(Captioned web images)
__________
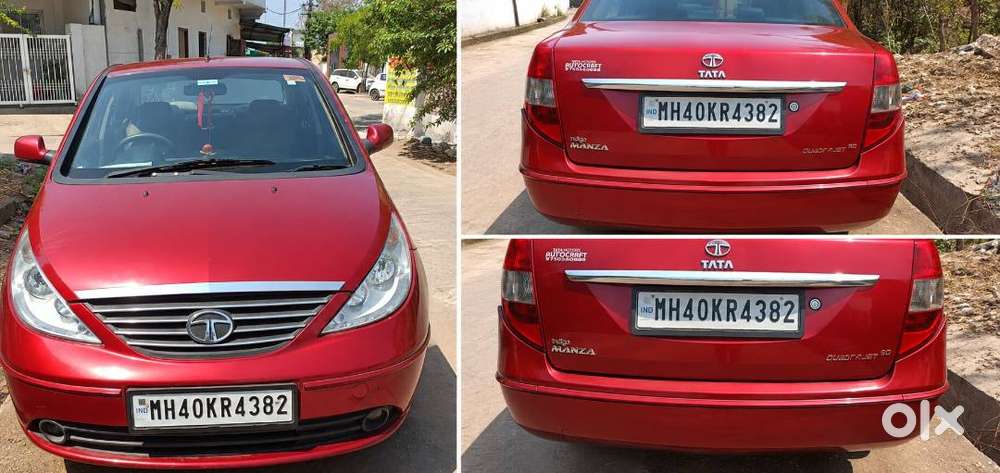 Tata Manza Club 2009
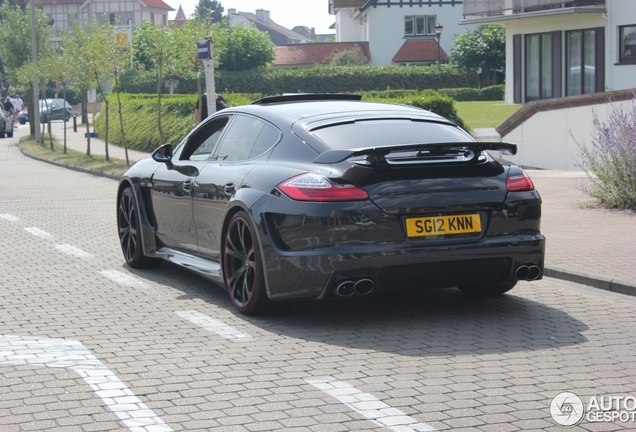 Porsche TechArt Panamera Turbo Grand GT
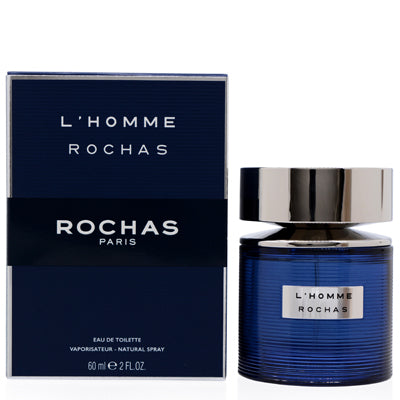 Rochas L'homme Men's Eau De Toilette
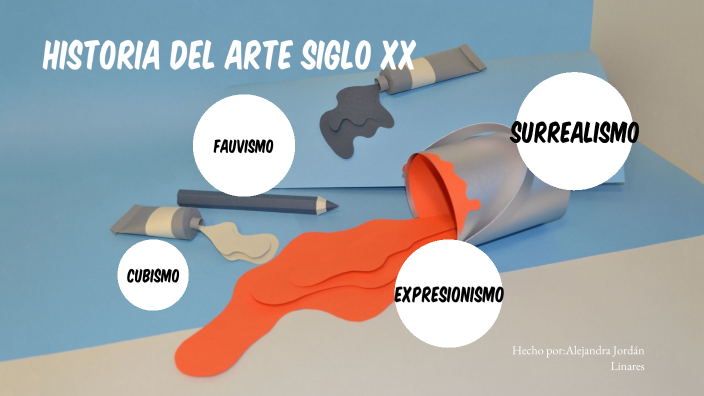 Historia del Arte by Alejandra Jordán on Prezi
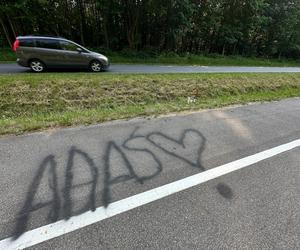 Iława. Adam zginął w wypadku w drodze do chorego syna. Miesiąc wcześniej stracił ojca [ZDJĘCIA]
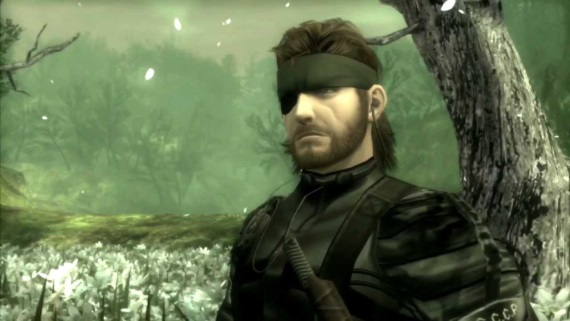 Prichdza remake Metal Gear Solid 3?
__________
**Exercise directions:** What's needed is an exact copy of every entry, minus the pictures.

**Output of the exercise:**
 Tata Manza Club 2009
 Porsche TechArt Panamera Turbo Grand GT
 Rochas L'homme Men's Eau De Toilette
 Historia del Arte by Alejandra Jordán on Prezi
 Iława. Adam zginął w wypadku w drodze do chorego syna. Miesiąc wcześniej stracił ojca [ZDJĘCIA]
 Prichdza remake Metal Gear Solid 3?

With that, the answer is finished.